The prosecutors also sought further charges against Valcke.
The Attorney General's Office had accused Al-Khelaifi and an unnamed businessman of committing criminal mismanagement by offering Valcke undue advantages, including the use of a villa owned by Al-Khelaifi in Sardinia rent-free.
Both Valcke and Al-Khelaifi have denied wrongdoing.
"Our client was fully acquitted in October, after the most exhaustive four-year investigation, the most comprehensive two-week trial, and where the prosecution presented every shred of evidence and put forward every possible theory, but proved nothing," lawyers for Al-Khelaifi said in a statement.
"Absolutely nothing has changed since October, either in fact or in law."
Valcke could not be reached for comment on Wednesday.
FIFA said it was assessing the matter and was not in a position to comment further.
Switzerland's Federal Criminal Court in October cleared Al-Khelaifi, who is chairman of Qatari media group BeIN sports and also president of French soccer club Paris St Germain, of the charges after a two-week trial.
Valcke was acquitted of accepting bribes and criminal mismanagement.
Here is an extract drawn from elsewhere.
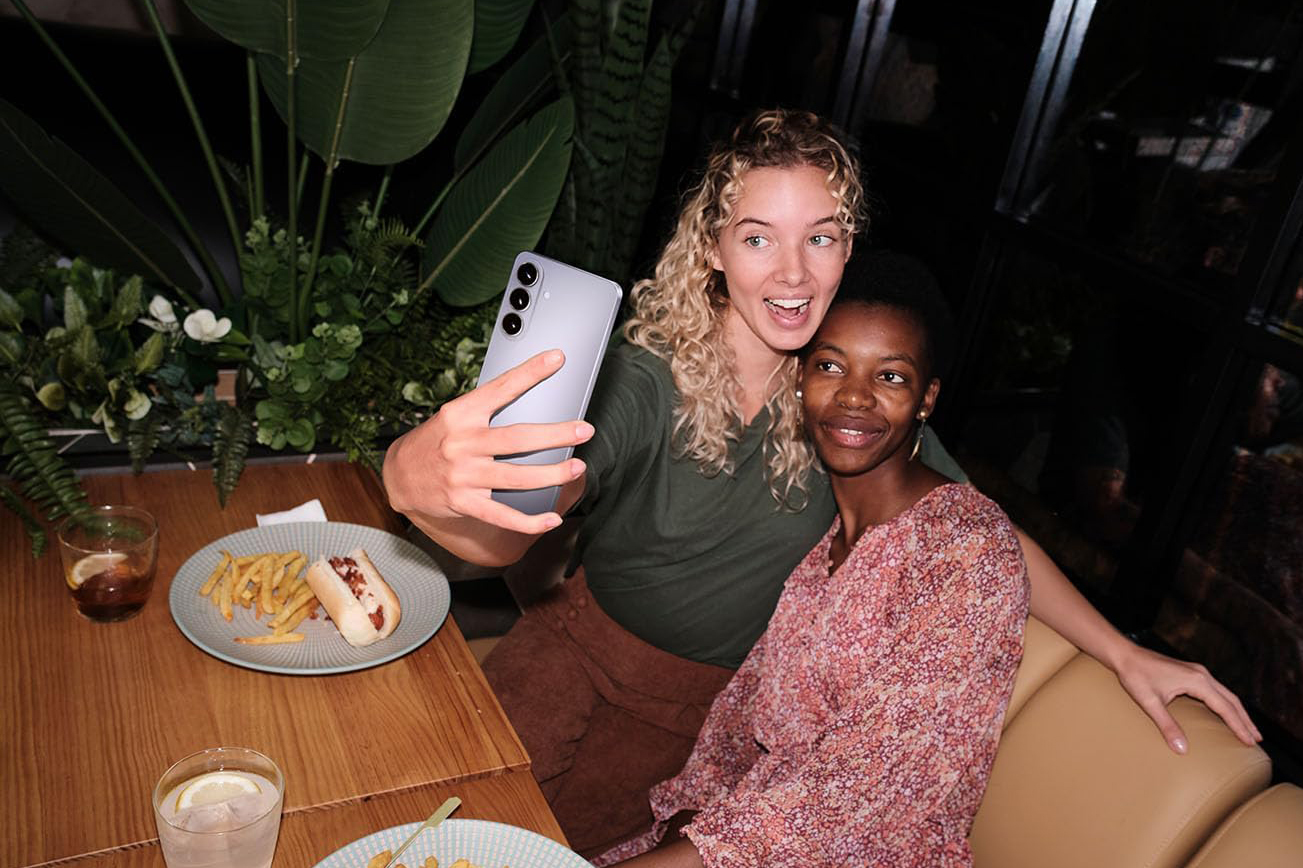 Samsung Galaxy S26 Plus Lifestyle Image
He was given a suspended fine of 24,000 Swiss francs ($26,500) for the lesser offence of falsifying documents.
On Wednesday, the Attorney General's Office said it had filed an appeal seeking to have all three men convicted on the original charges it had filed.
Prosecutors allege Valcke exploited his position as FIFA secretary general between 2013 and 2015 to influence the awarding of media rights for various World Cup and FIFA Confederations Cup tournaments to take place in the period between 2018 and 2030.
Valcke was secretary general for eight years until 2015, when he was banned by FIFA's ethics committee for 10 years for ethics violations.
The Frenchman was ordered by the Criminal Court in October to pay the Zurich-based FIFA around 1.65 million euros ($2 million) in restitution.